# Apache Beam SQL

In [None]:
! pip install apache_beam apache-beam[gcp] apache-beam[interactive] --quiet

In [None]:
import IPython
from IPython.display import display

app = IPython.Application.instance()
app.kernel.do_shutdown(True)

In [None]:
# Enable the Beam magics
from apache_beam.runners.interactive.sql.beam_sql_magics import BeamSqlMagics
from IPython import get_ipython

ipython = get_ipython()
ipython.register_magics(BeamSqlMagics)

# Create test records

Write owners and pets into CSV files.

In [None]:
%%bash

# Define the variables
owners_file_name="./temp_files/owners-io.csv"
pets_file_name="./temp_files/pets-io.csv"
num_pets=200
num_owners=100

# Make sure files don't exist
rm $owners_file_name
rm $pets_file_name

###########################
# Create the Owners first #
###########################

# Create the file and add the headers
echo "id,first_name,last_name,phone" > $owners_file_name

# Define lists of first names and last names
first_names=("John" "Jane" "Alice" "Bob" "Carol" "David" "Eva" "Frank" "Grace" "Hank")
last_names=("Smith" "Johnson" "Williams" "Brown" "Jones" "Garcia" "Miller" "Davis" "Rodriguez" "Martinez")

# Generate 10 test records
for (( i=1; i<=num_owners; i++ ))
do
  # Randomly select a first name and last name
  first_name=${first_names[$RANDOM % ${#first_names[@]}]}
  last_name=${last_names[$RANDOM % ${#last_names[@]}]}
  phone=$(printf "555-%03d-%04d\n" $((RANDOM%1000)) $((RANDOM%10000)))

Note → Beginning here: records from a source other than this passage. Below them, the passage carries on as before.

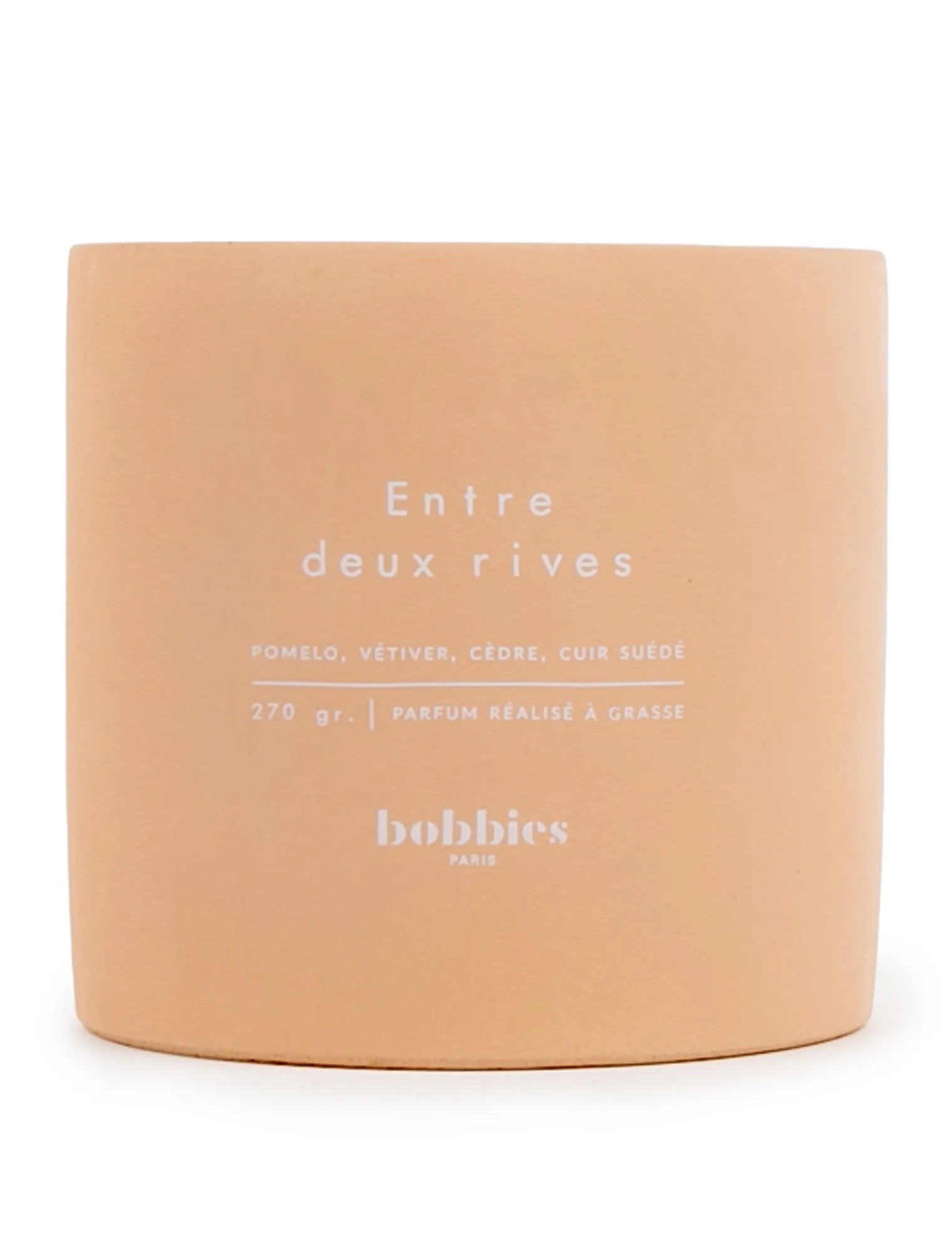 bougie_1-5.webp Women Bobbies Candles | Candles | Bougie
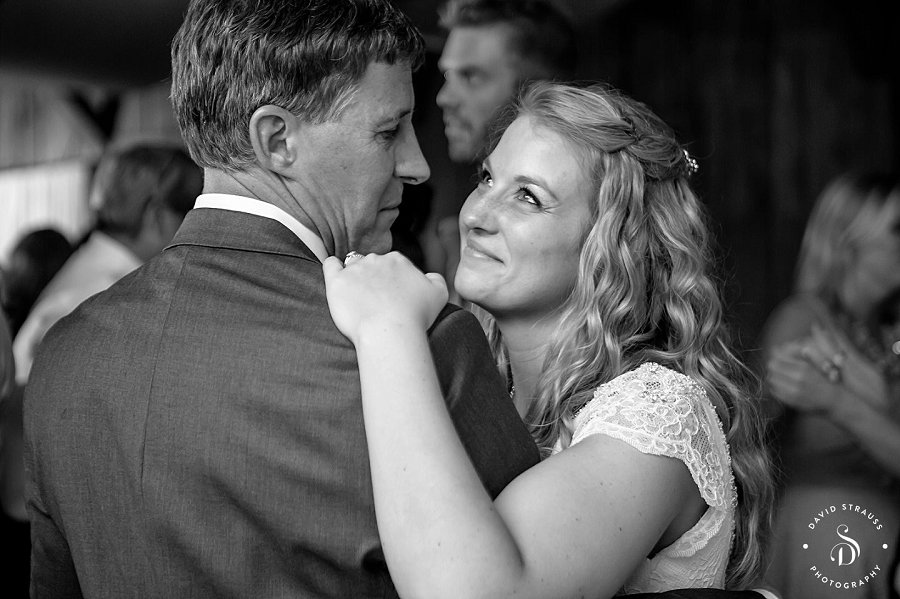 Charleston Wedding Photography - Boone Hall Wedding Photographer - Ashley and Chase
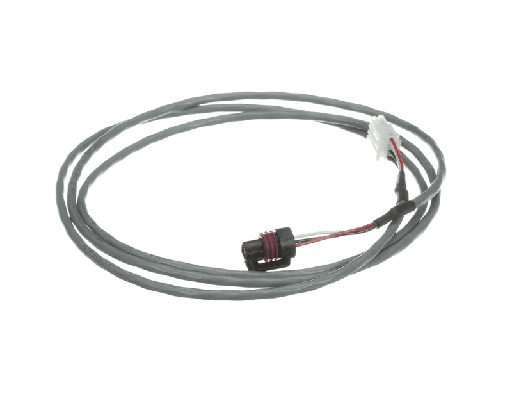 [94061-002] HENNY PENNY-Wire Harness, Pressure Transducer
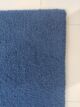 Polyester & Cotton Modern Floor Shaggy Rug - SNR 10 (170x240cm) - الصورة 4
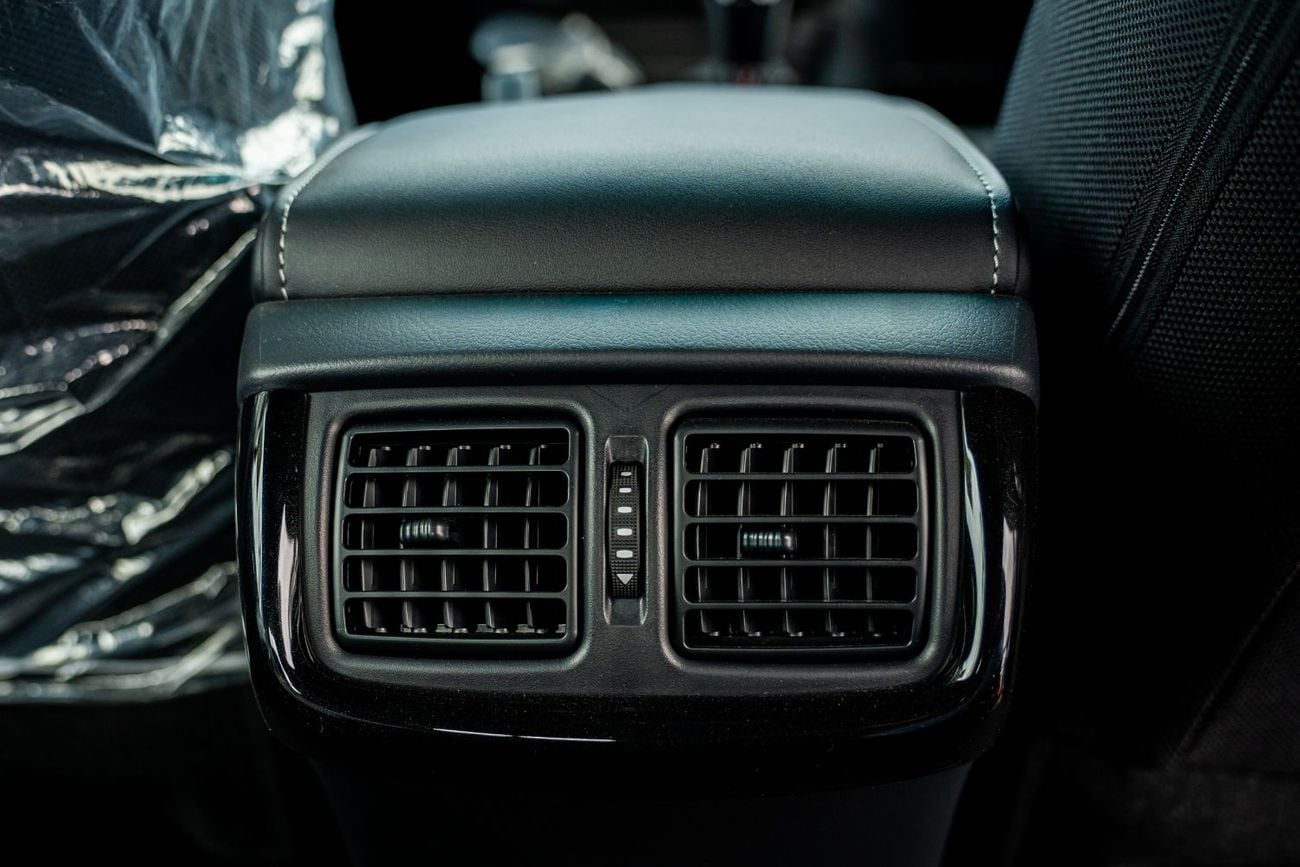 Toyota Hilux Toyota  hilux   4,0  V6  Adventure M  2026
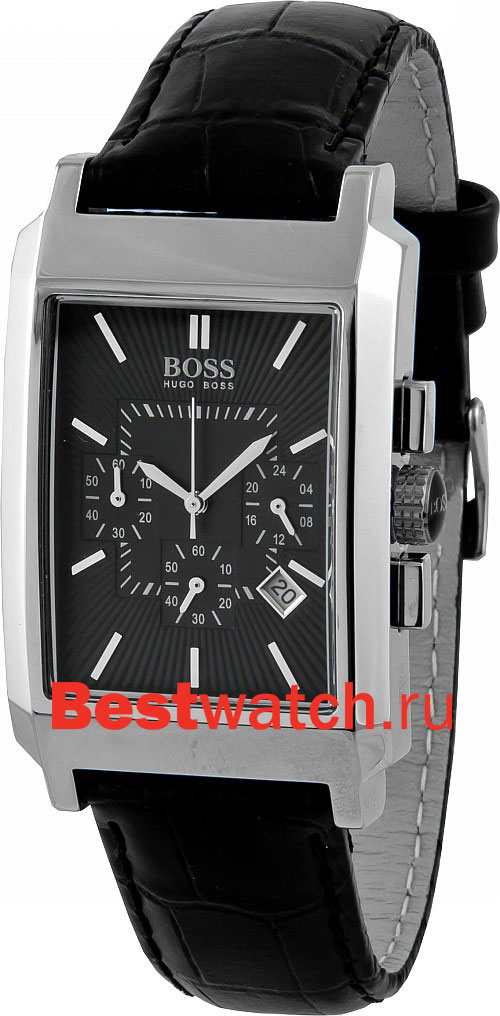 Часы Hugo Boss Gents HB-1512258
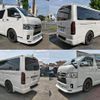 toyota hiace-van 2018 quick_quick_CBF-TRH200V_TRH200-0281294 image 2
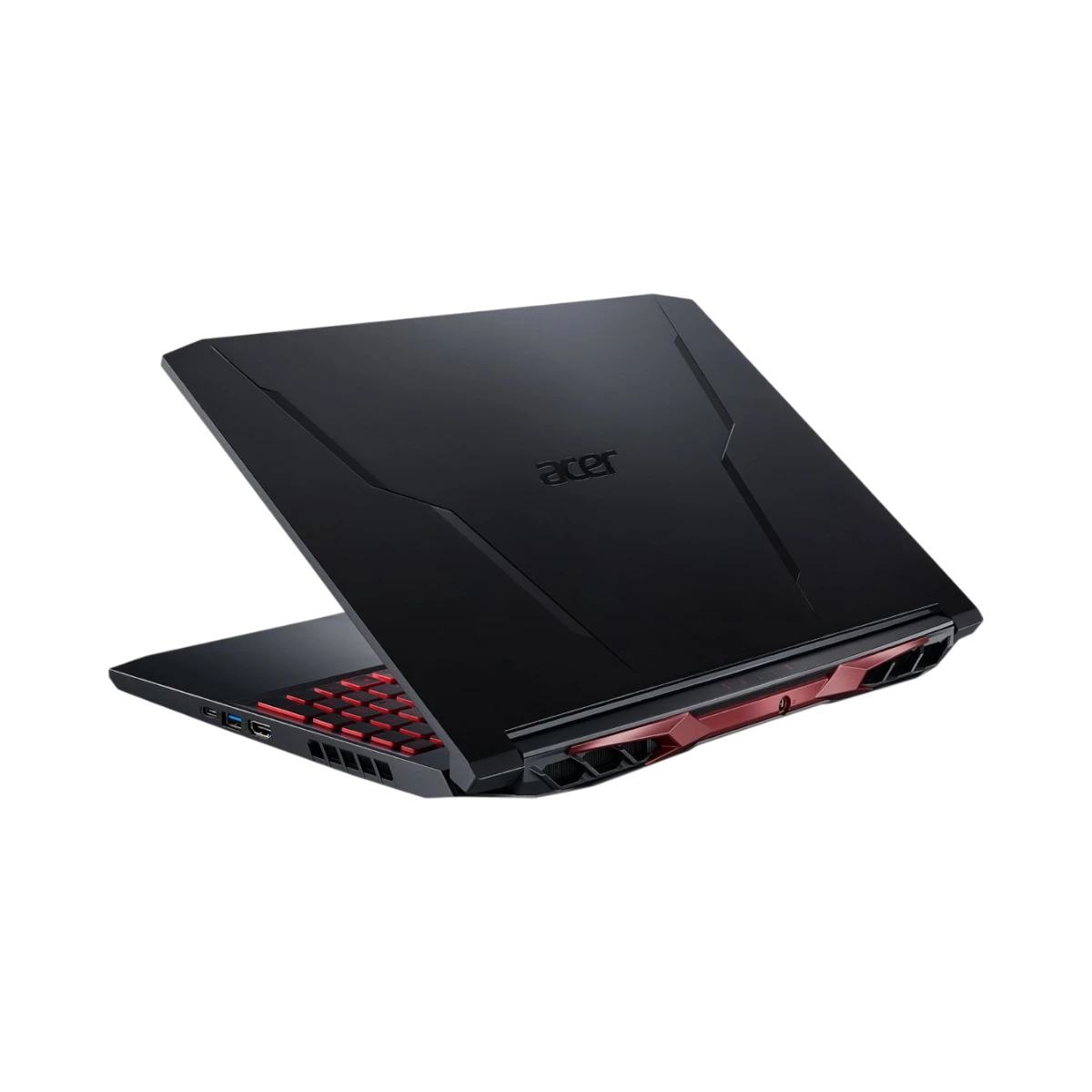 Acer Nitro 5 15.6" QHD Gaming Laptop AMD Ryzen 7 5800H, NVIDIA RTX 3070, 16GB RAM, 1TB SSD — Being Shipped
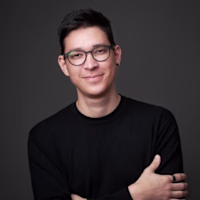Junior avatar
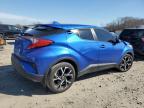2022 Toyota C-Hr Xle للبيع في Baltimore، MD - Front End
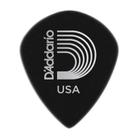 Palheta Planet Waves 3DBK6-25 BK ICE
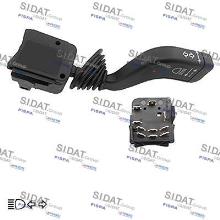 FISPA 430004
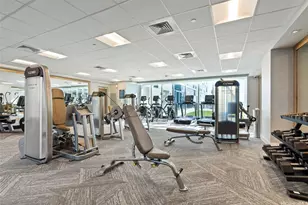 629 Ke’eaumoku St, Honolulu, HI 96814 - Photo 19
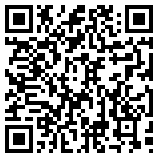 QR Code for Hansen in COLTON, OR 97017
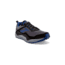Brooks Cascadia 14 GTX - Mens, Black/Grey/Blue, Medium, 8.0, 1103091D053.080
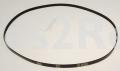 Ipso Drive Belts - Belt L=1400x14x3,6 Mm - 804985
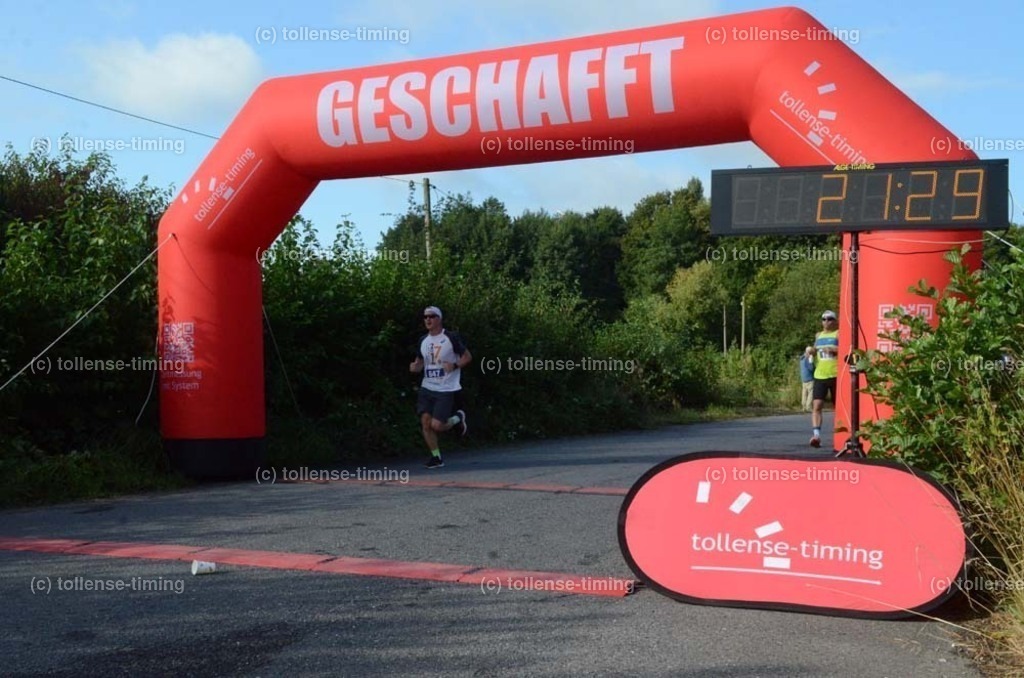 TTT_6021 | Foto | tollense-timing - Realized with Pictrs.com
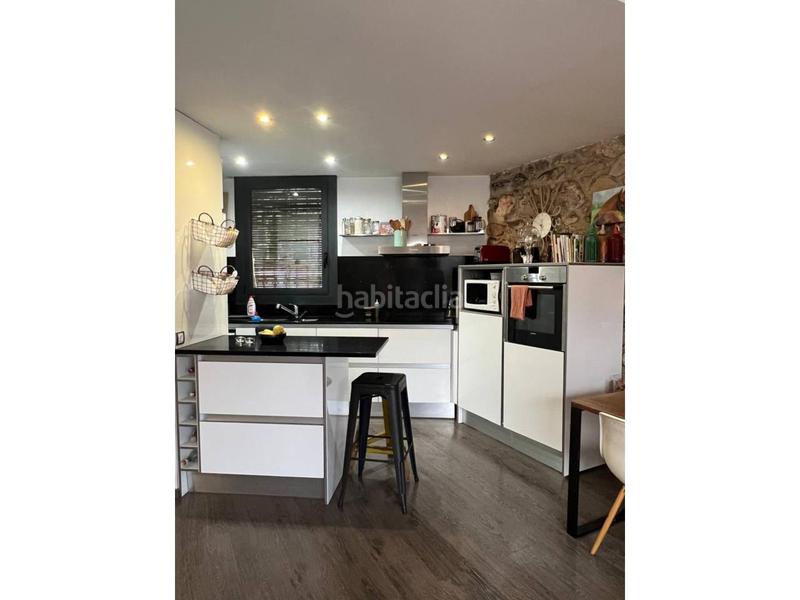 Foto 8da34b9f-ac8b-4d1c-bafa-39755fc67c8a. Casa amb calefacció a Poble - Casc Antic Castellar del Vallès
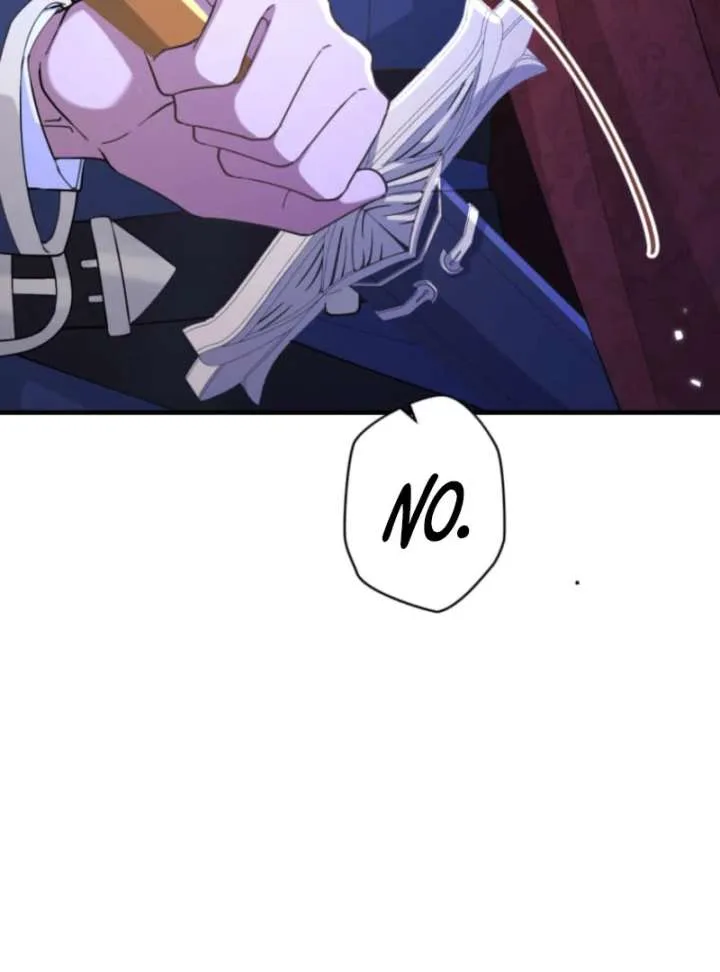 The Queen of Retainers is obsessed over at night Chapter 16 page 148
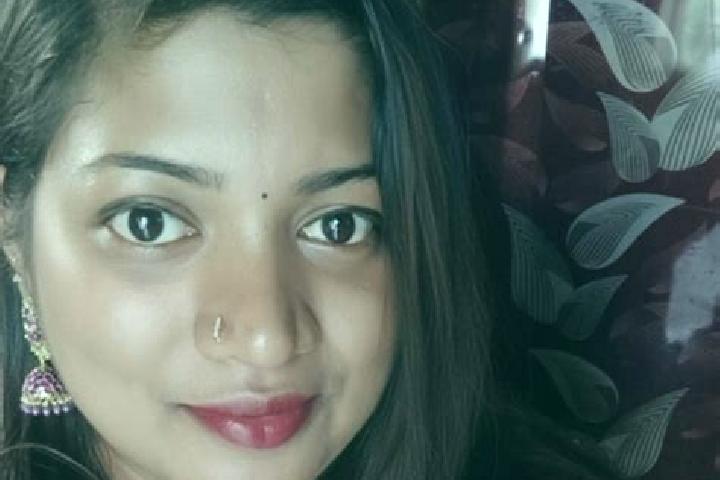 Escorts Thazhakara, India — Local Companions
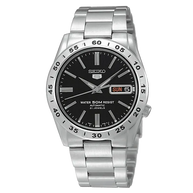 Seiko 5 SNKE01K1 Automatic Mens Watch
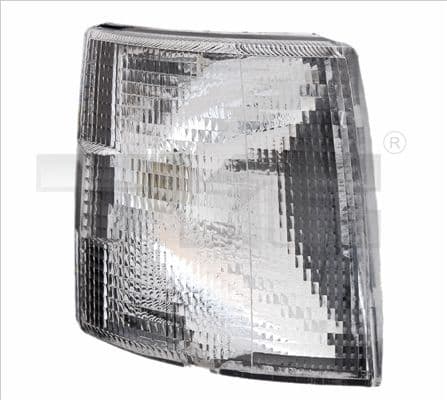 Direction Indicator 18-3321-21-2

  # Add the record to the file
  echo "$i,$first_name,$last_name,$phone" >> $owners_file_name
done


echo "File '$owners_file_name' has been created with $num_owners test records."
head $owners_file_name

###########################
#    Create the Pets      #
###########################

# Create the file and add the headers
echo "id,owner_id,pet_name,pet_type,breed,weight" > $pets_file_name

# Define lists of pet names, pet types, and breeds
pet_names=("Noir" "Bree" "Duke" "Joy" "Gigi" "Buddy" "Bella" "Charlie" "Max" "Luna" "Rocky" "Molly" "Daisy" "Bailey" "Sadie" "Oliver" "Coco" "Lucy" "Toby" "Chloe" "Jake" "Milo" "Lola" "Jack" "Nala")
pet_types=("Dog" "Dog" "Dog" "Dog" "Cat" "Cat" "Cat" "Bird" "Fish" "Rabbit") # More dogs and cats
dog_breeds=("Labrador" "German Shepherd" "Golden Retriever" "French Bulldog" "Poodle")
cat_breeds=("Alley" "Siamese" "Maine Coon" "Persian" "Ragdoll" "Bengal")
bird_breeds=("Parakeet" "Canary" "Finch" "Cockatiel" "Lovebird")
fish_breeds=("Goldfish" "Betta" "Guppy" "Molly" "Tetra")
rabbit_breeds=("Holland Lop" "Netherland Dwarf" "Lionhead" "Flemish Giant" "Mini Rex")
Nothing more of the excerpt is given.